%%

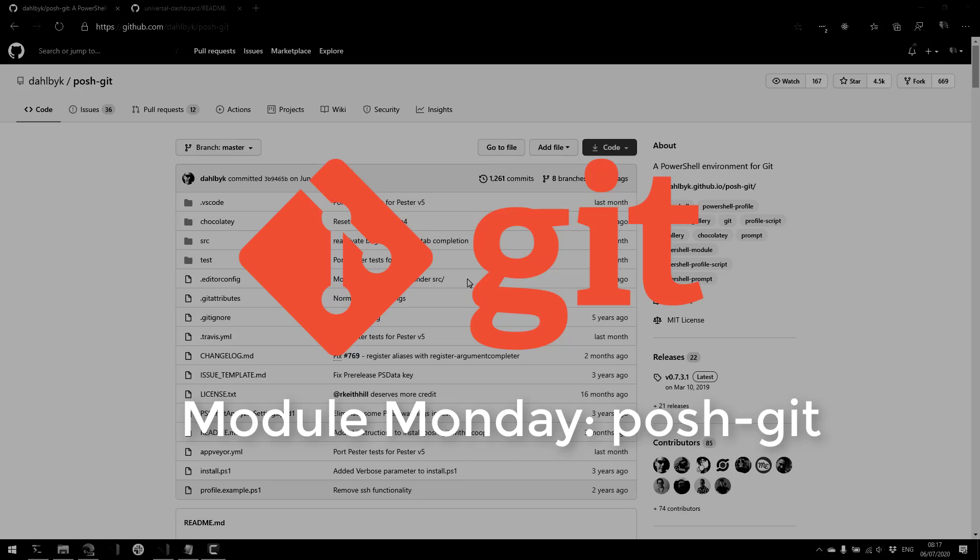Welcome to Module Monday. Module Monday is a video series where I show off a cool PowerShell module I think you should check out each Monday. This Monday we're looking at PoshGit.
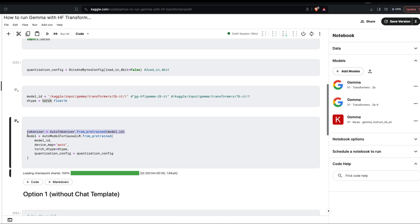Use AutoTokenizer.from_pretrained with the model ID to create the tokenizer object. Then create the model object using AutoModelForCausalLM.from_pretrained with the model ID. Set device_map to 'auto,' which will move model weights and processing between CPU and GPU and utilize maximum memory. Then pass the dtype and the quantization configuration.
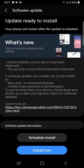I will download the software to update the software. Then we will press the install now button.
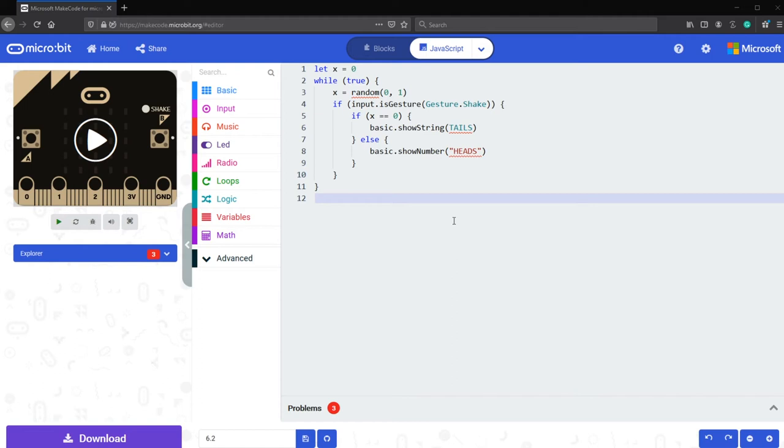Some common programming mistakes for beginners mostly include syntax issues and can be fixed quite easily. For example, you can add some brackets, take a look at your parentheses, quotation marks, capitalizing letters, etc.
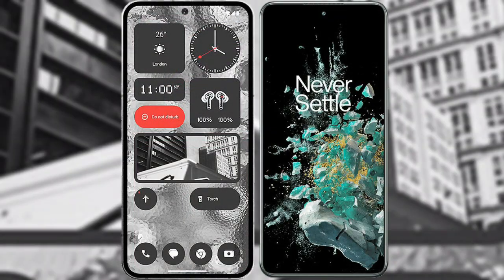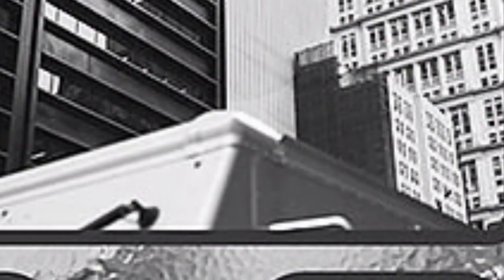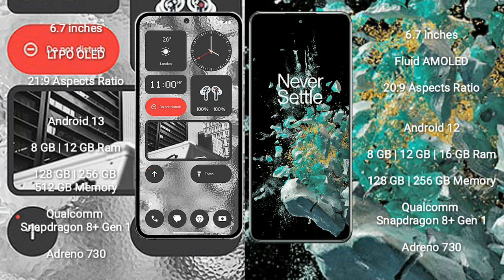I will compare the new Nothing Phone 2 with OnePlus 10T. Nothing Phone 2 comes with 6.7 inches LTPO OLED display and aspect ratio 21:9. OnePlus 10T comes with 6.7 inches Fluid AMOLED display and aspect ratio 20:9.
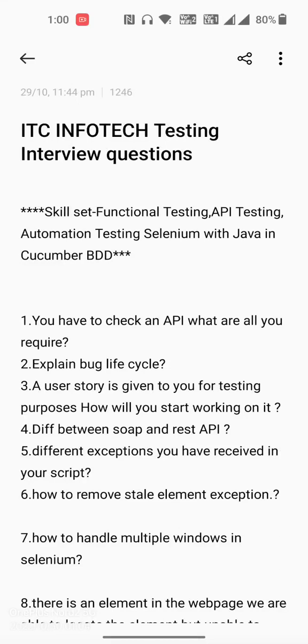Hello all, today I am going to share the interview questions I have faced in ITC Infotech testing interview. The skill set is functional testing, API testing, and automation testing. Automation testing is with respect to Java with Selenium and Cucumber BDD framework.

%%

■ WHAT IS BEING ASKED ■
Give back every record precisely as it stands, without the images.

■ RESPONSE AREA ■
Welcome to Module Monday. Module Monday is a video series where I show off a cool PowerShell module I think you should check out each Monday. This Monday we're looking at PoshGit.
Use AutoTokenizer.from_pretrained with the model ID to create the tokenizer object. Then create the model object using AutoModelForCausalLM.from_pretrained with the model ID. Set device_map to 'auto,' which will move model weights and processing between CPU and GPU and utilize maximum memory. Then pass the dtype and the quantization configuration.
I will download the software to update the software. Then we will press the install now button.
Some common programming mistakes for beginners mostly include syntax issues and can be fixed quite easily. For example, you can add some brackets, take a look at your parentheses, quotation marks, capitalizing letters, etc.
I will compare the new Nothing Phone 2 with OnePlus 10T. Nothing Phone 2 comes with 6.7 inches LTPO OLED display and aspect ratio 21:9. OnePlus 10T comes with 6.7 inches Fluid AMOLED display and aspect ratio 20:9.
Hello all, today I am going to share the interview questions I have faced in ITC Infotech testing interview. The skill set is functional testing, API testing, and automation testing. Automation testing is with respect to Java with Selenium and Cucumber BDD framework.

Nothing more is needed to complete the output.